“Lei non esisteva, non era mai esistita. Le persone non ricordavano il suo volto, il suo nome non era mai lo stesso. Solo nello scatto viveva, diventava reale, per poi tornare a essere l’invisibile creatura a cui nessuno rivolgeva una seconda occhiata”, scrive Francesca Diotallevi, Questo libro si ispira ad un personaggio veramente esistito, Vivian Maier, che morì completamente sola il 21 aprile del 2009. Trascorse una vita in solitudine ad occuparsi dei figli degli altri, entrava in queste vite senza mai costruirsene una sua. L’unica sua compagnia, attraverso cui osservava la realtà era una biottica Rolleiflex, che tra gli anni ’50 e ’70 era considerata la migliore macchina fotografica.

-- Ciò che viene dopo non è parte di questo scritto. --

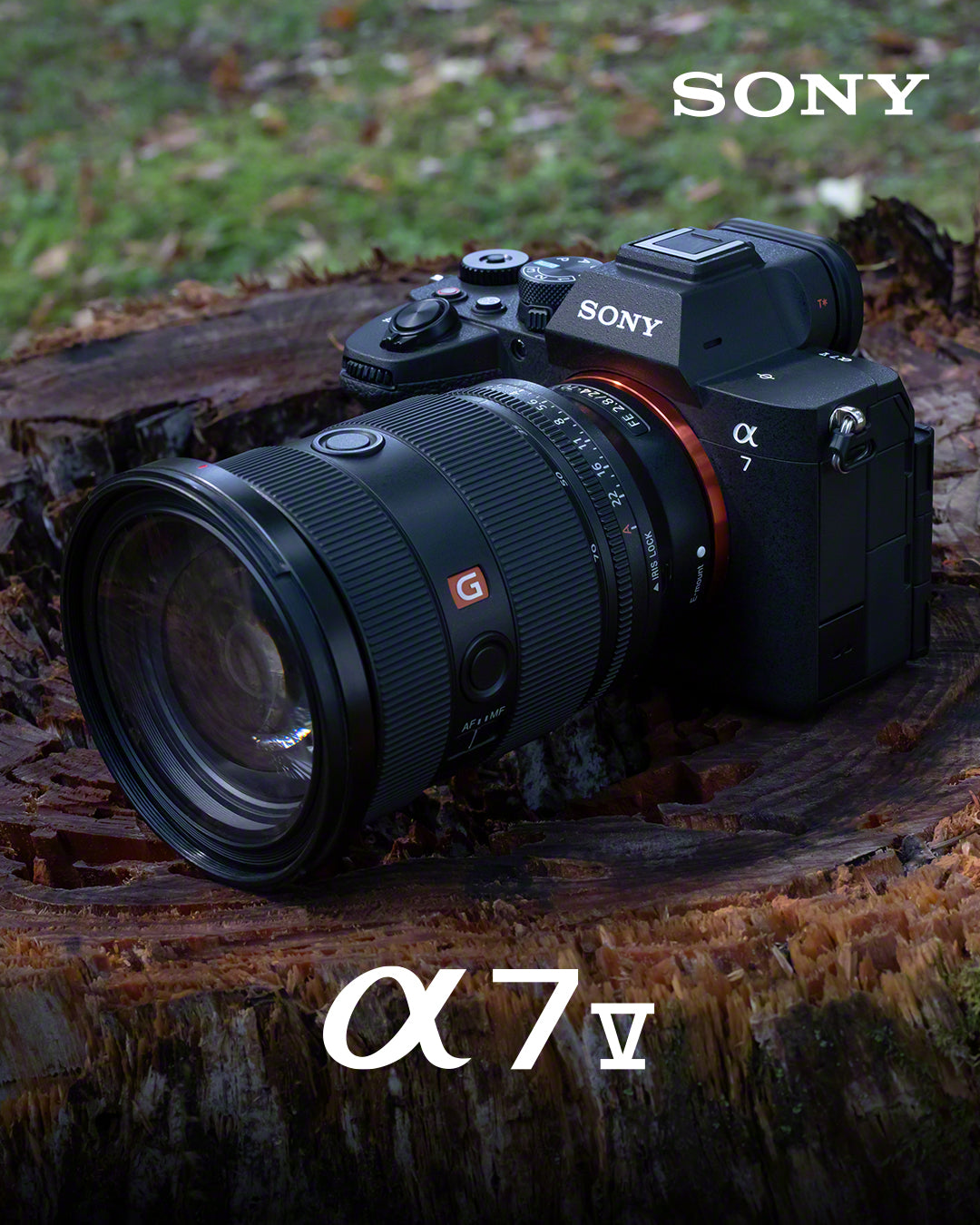 Sony Camera Store Conozca la Sony Alpha 7V: la nueva cámara de fotograma completo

Alla fine tutti i suoi rullini, perchè le foto non le sviluppava, furono ritrovate post mortem e solo allora diventò famosa.

Copertina del libro

Nella narrazione si alternano due piani temporali: Vivian adulta e Vivian bambina. Nel racconto si incontrano diverse figure, alcune positive ma altre che lasciano in lei terribili traumi. La peggiore di tutte è la madre.

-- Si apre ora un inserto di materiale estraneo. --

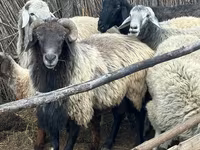Ovan, Karakul sheep — fotografija 1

Il tema familiare è molto forte e in certi punti davvero doloroso. L’essere madre e l’essere figlia vengono analizzati da diverse prospettive, fino ad arrendersi all’ineluttabile: non è un rapporto che si può scindere, nemmeno spezzando i legami. Non è una questione di distanza fisica, né emotiva, ma solo di sangue. La rabbia non riduce il bisogno di amore, di accettazione; il distacco impedisce di realizzarsi pienamente come essere umano perché mancherà sempre un tassello. Una lettura difficile, consiglio solo a lettrici forti e temprate.